Obasanjo argued that Nigeria’s leadership has repeatedly failed to adopt a precise mix of modern counterinsurgency tools — including training, intelligence, technology, and specialised equipment — insisting that conventional military methods are insufficient against a dispersed and embedded terror network.
“The military is trained for conventional war. If the people you are dealing with are fleeing targets or living among your people, you will need different types of training,” he said. “Among the countries that have done that fairly successfully is Colombia. Should we invite them? There is no shame in that.”
The former Head of State, who successfully quelled Niger Delta militancy during his tenure, also suggested that cases of collusion and internal sabotage have hindered the fight against insurgency. “The whole thing is an industry.

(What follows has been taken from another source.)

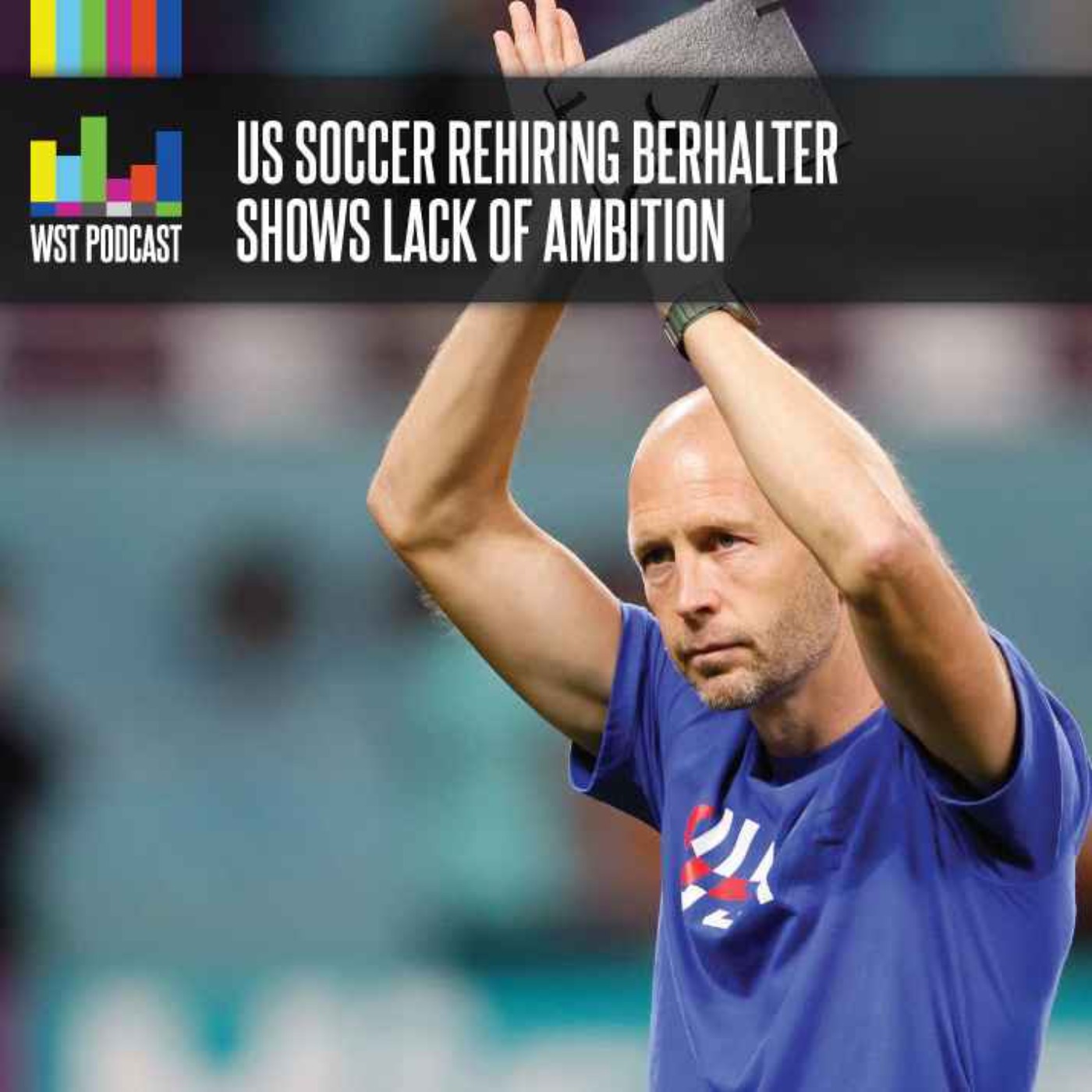 US Soccer rehiring Berhalter shows lack of ambition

It is an industry,” he declared. “Then you ask the military to be the ones buying equipment. It is not done. There is training, equipment, intelligence, and technology. These four must work together.”
Obasanjo warned that Nigeria cannot defeat terrorism if foreign partners remain reluctant to share critical intelligence due to persistent leaks, compromised officers, and infiltration within the military.
He recounted his backchannel efforts in 2011, revealing that Boko Haram initially rejected government negotiations but later agreed to a 21-day ceasefire — a diplomatic opportunity that Nigerian authorities failed to leverage. “They agreed to 21 days of ceasefire to negotiate. Government failed to reach out,” he said.
Since 2009, Nigeria has spent trillions of naira on counterterrorism, yet attacks by insurgents, bandits, and kidnappers continue across the North-West and North-East, leaving rural communities vulnerable to ransom-driven violence.